▶ **THE PROBLEM**
Leaving the pictures aside, return all of the data below exactly.

▶ **GIVEN DATA**
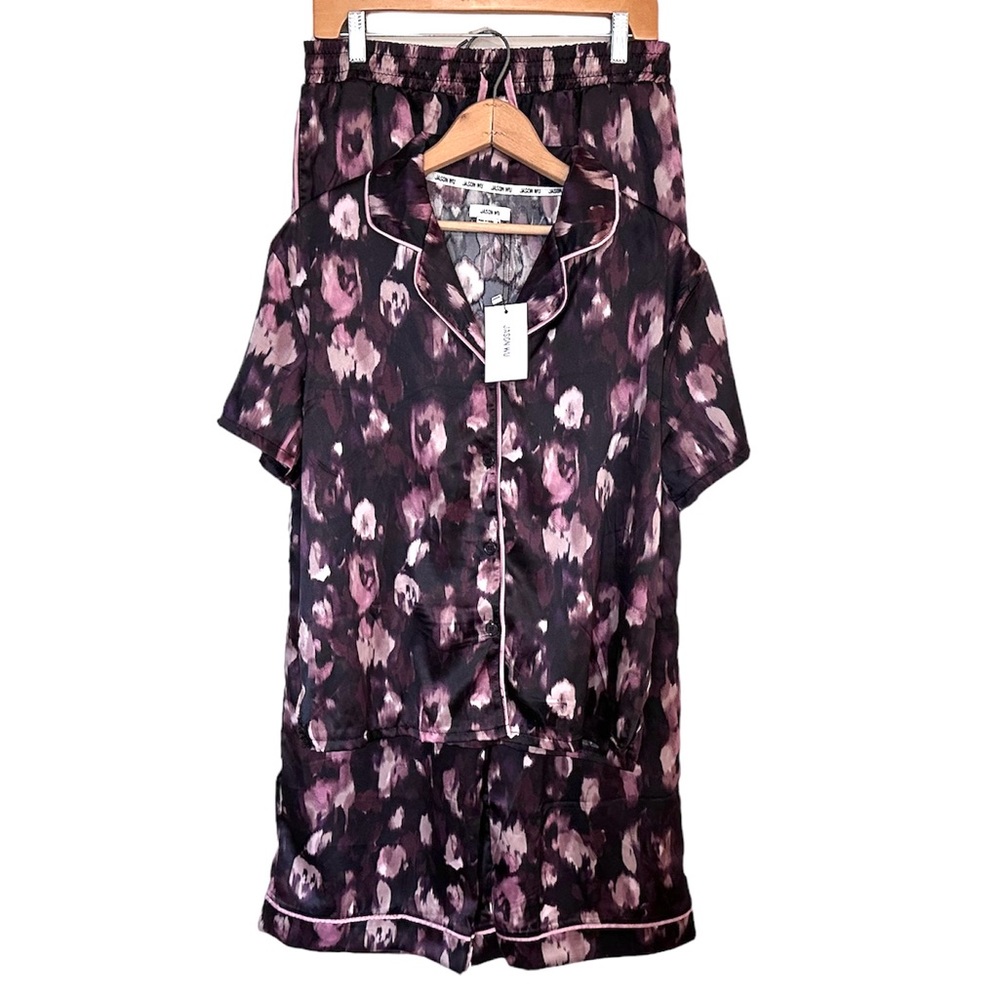 Jason Wu Pajamas 2 Pc Set Size Large Pants W/ Pockets & Short Slv NEW WITH TAGS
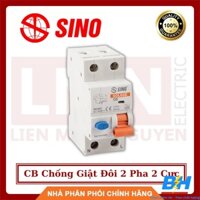 SOL68E-C32 Cầu Dao Chống Rò Chống Giật RCBO 32A Sino SC68N
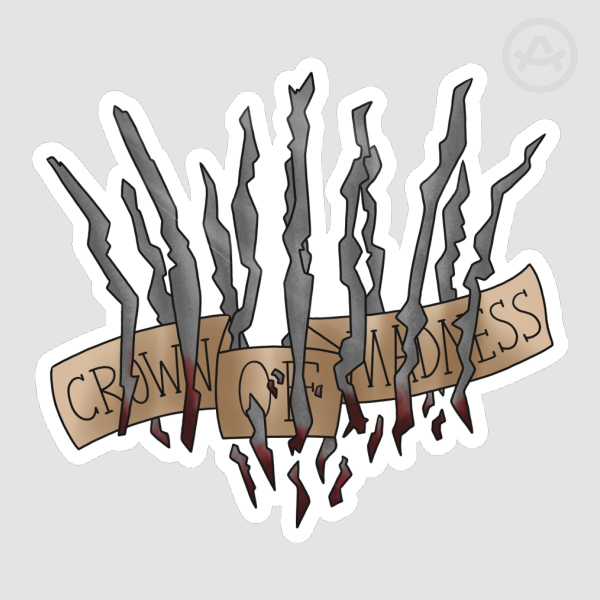 Crown of Madness Die Cut Stickers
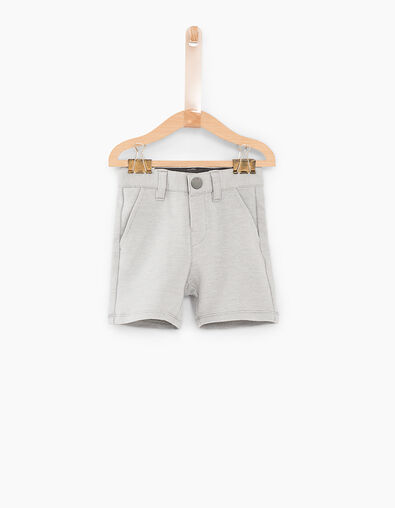 Bermudas gris medio de punto bebé niño  - IKKS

▶ **ANSWER BELOW**
 Jason Wu Pajamas 2 Pc Set Size Large Pants W/ Pockets & Short Slv NEW WITH TAGS
 SOL68E-C32 Cầu Dao Chống Rò Chống Giật RCBO 32A Sino SC68N
 Crown of Madness Die Cut Stickers
 Bermudas gris medio de punto bebé niño  - IKKS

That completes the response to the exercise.